4-'İlk Gün'

2.6K 156 88
                                    

Alarmın sesiyle gözlerimi araladım. Sabahın köründe, hava aydınlanmadan kalkmak berbattı! Üstelik akşam oldukça güzel bir alarm sesi ayarlamıştım. Sabah nasıl bu kadar kötü gelebilirdi?

Nihayet kalkabildiğimde banyoya girdim ve rutin işlerimi hallettim. Lexi ve annem daha geç çıktıklarından tek başıma yiyordum. Mutfağa girerek bir şeyler hazırlamaya başladım. Bir yandan telefonumu kontrol ederken Ruth'dan mesaj geldiğini gördüm.

Ruth-1 yeni mesaj
Seni kaçta alayım?

Okula giderken çoğu zaman Ruth ile giderdik. Ama bazen hava alarak, yürüyerek gitmeyi tercih ederdim. Bugün de o günlerden biriydi.

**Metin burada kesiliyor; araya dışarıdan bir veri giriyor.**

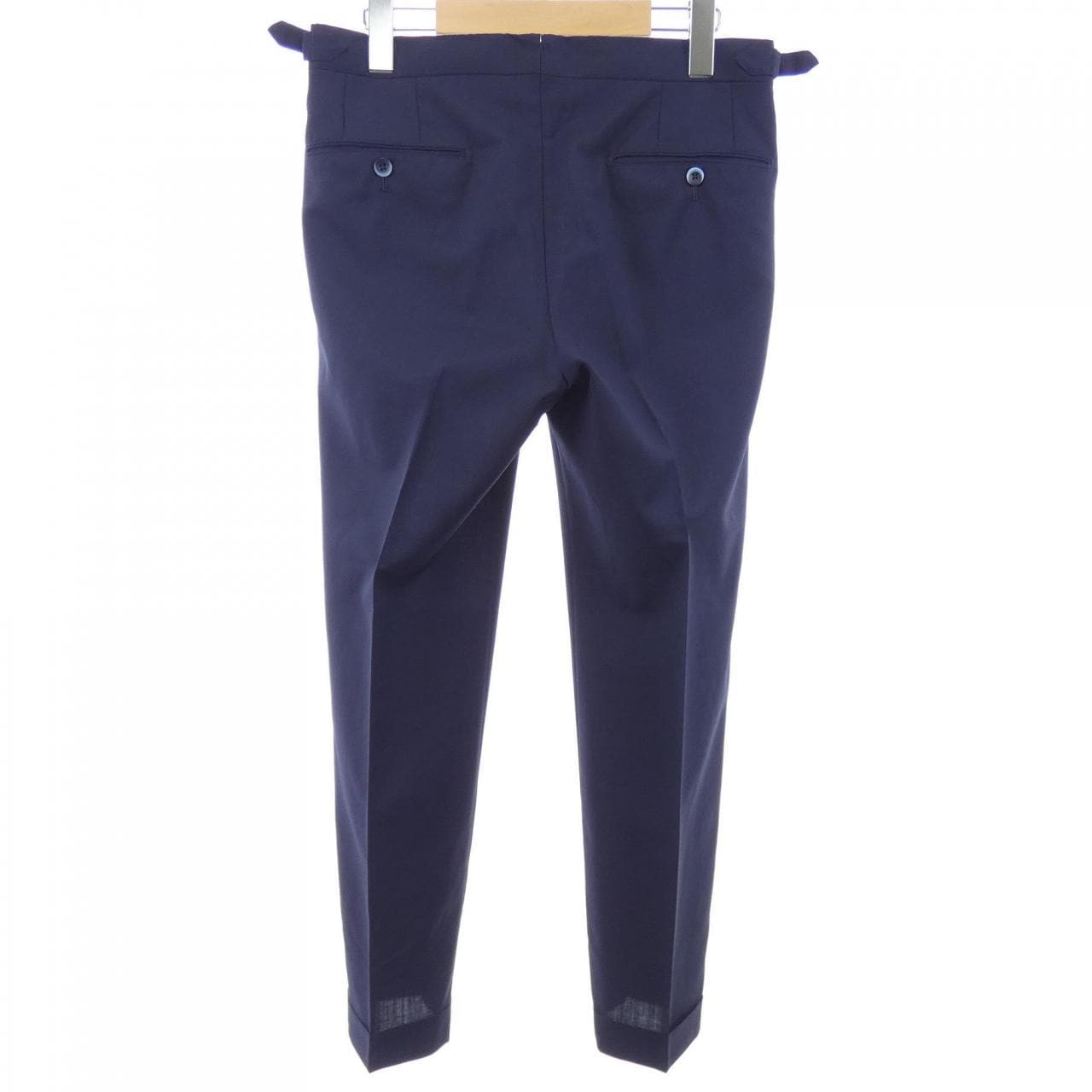 GTIA G.T.A E10C00-B褲子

Ben yürüyerek gideceğim, sen direkt okula geç.

Çok geçmeden yanıt geldi.

Ruth-1 yeni mesaj
Maalesef, babamın kesin emri var. Dün bir saldırı olmuş sanırım, Anna'yı arabayla al diye tembihledi.

Ah... Ruth'un babası gerçekten çok düşünceli bir adamdı.

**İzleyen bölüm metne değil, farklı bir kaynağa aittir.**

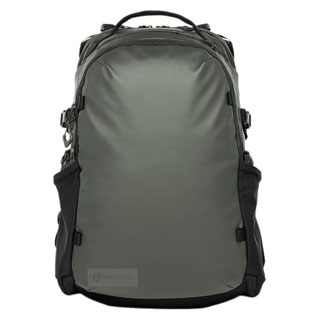 Compare Prices on the WANDRD STRATUS Photo 18 Backpack
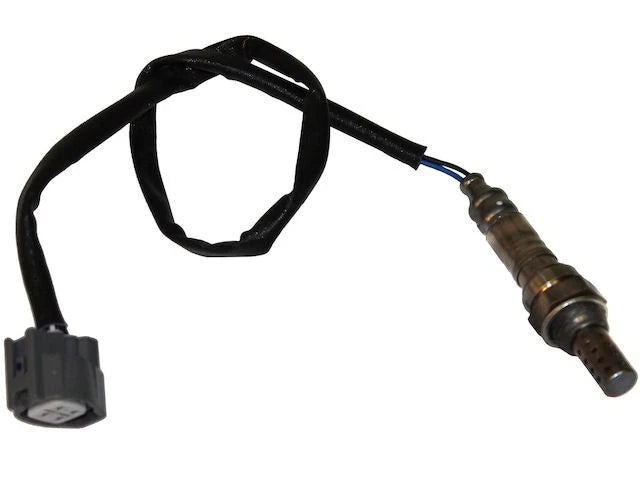 Oxygen Sensor for Jaguar Vanden Plas (1999–2005) 95932QGYD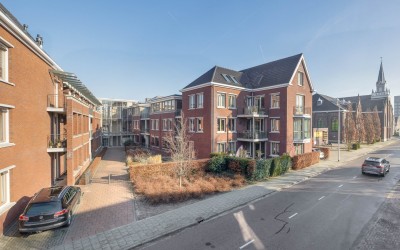 Rotterdamse. 81-N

Tamam, ona sevgilerimi ilet. Yarım saate hazır olup çıkarım.

Cevabı beklemeden telefonu masaya koydum ve kahvaltı etmeye başladım.

Kahvaltıdan sonra hızlı bir şekilde giyinip evden çıkmıştım. Forma değil de normal kıyafetler giyiyorduk. Bugün beden dersi olduğundan tayt ve kazak giymiştim. Normalde de giydiklerime fazla dikkat etmiyordum. Ruth daha gelmemişti. Bahçede dolanırken bir yandan gökyüzünü izliyordum. Sanki gece yarısı gibi karanlıktı, etrafta gri bulutlar vardı.

Duyduğum korna sesiyle yerimden sıçradım. Ruth gelmişti. Düşüncelerimden sıyrılarak arabaya doğru ilerledim. Ön tarafa bindiğim sırada bana sırıtarak baktığını fark ettim. Kaşlarımı kaldırarak ona baktım. Sabah sabah bu neşe nereden geliyordu?

"Kimleri düşünüp dalmıştın acaba öyle?" Gözlerimi kıstım.

"Buna daha ne kadar devam edeceksin?" dedim bıkkınlıkla. Neyden bahsettiğini anlamamak zor değildi.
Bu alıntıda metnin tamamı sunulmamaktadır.